敵こそ、我が友



「でも戦争だったんだ、今は終わった」
  (クラウス・バルビー)


「国や政府は、殺戮や拷問をするのに人間を使い、それらをやめるのに今度は別の人間を使う」
  (歴史研究家)


「リヨンの虐殺者」の異名を取る大物戦犯でありながら、戦後もヨーロッパやボリビアで活動を続け、「第四帝国」の建設を夢見た元ナチス親衛隊、クラウス・バルビーの生涯を描いたドキュメンタリー。
彼に関わった人々(肉親や隣人、インタビュアーなど)の証言や当時の映像が満載でとても面白かった。


銀座テアトルシネマにて、土曜の夕方の回は満員(15分前に行ったら最後の数席だった)。知らずに遭遇したんだけど、上映後に東京大学の教授によるトークショー?があった。以下、感想ではなくその記録。
歴史の専門家にとってはどういう部分が面白かったんだろう、と思っていたら、興味ぶかかった点として、1.アメリカ政府がバルビーをボリビアへ送る際、バチカンの極右派神父の手助けによる「ラット・ライン」を利用したとされていること。
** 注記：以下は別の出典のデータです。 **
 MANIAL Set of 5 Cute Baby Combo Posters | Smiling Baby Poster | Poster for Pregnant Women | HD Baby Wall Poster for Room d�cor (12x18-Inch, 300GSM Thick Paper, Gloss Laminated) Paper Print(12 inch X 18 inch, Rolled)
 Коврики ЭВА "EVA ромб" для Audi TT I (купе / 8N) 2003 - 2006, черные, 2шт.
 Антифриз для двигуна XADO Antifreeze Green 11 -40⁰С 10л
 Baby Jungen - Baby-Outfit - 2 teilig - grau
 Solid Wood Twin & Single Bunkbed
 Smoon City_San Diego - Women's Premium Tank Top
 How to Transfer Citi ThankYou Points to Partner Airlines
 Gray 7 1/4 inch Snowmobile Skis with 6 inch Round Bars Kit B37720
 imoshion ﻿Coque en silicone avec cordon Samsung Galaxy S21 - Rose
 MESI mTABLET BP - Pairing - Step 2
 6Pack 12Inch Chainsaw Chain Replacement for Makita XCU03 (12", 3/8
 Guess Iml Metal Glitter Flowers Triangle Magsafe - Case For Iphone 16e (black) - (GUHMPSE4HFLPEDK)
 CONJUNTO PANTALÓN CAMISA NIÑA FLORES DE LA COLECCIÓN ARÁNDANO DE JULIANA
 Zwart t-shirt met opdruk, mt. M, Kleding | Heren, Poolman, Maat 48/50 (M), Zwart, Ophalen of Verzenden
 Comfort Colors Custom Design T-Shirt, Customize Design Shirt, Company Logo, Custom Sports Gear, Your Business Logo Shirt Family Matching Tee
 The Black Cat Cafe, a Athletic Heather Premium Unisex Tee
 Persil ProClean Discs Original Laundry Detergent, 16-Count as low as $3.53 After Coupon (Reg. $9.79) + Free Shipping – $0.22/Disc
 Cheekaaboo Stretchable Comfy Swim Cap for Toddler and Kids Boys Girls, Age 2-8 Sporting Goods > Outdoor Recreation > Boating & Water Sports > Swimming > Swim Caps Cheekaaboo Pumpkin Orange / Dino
2.ジャン・ムーランだけでなくゲバラの暗殺に関わっていたと明確にされていること、などを挙げていた。
ちなみにバルビーの弁護を担当したのは、フランスでの通称「悪魔の弁護士」。出自もあり反植民地主義に立つ彼がが常に主張していること…フランス政府も同じことをやってきたじゃないか?という問題を喚起すること…は、確かに意義がある。
最後に教授は「あくまでも私の考えですが」と前置きしたうえで、「アメリカに利用されることで生き延びたという点では、戦後の日本に通じるものがある」と締めくくった。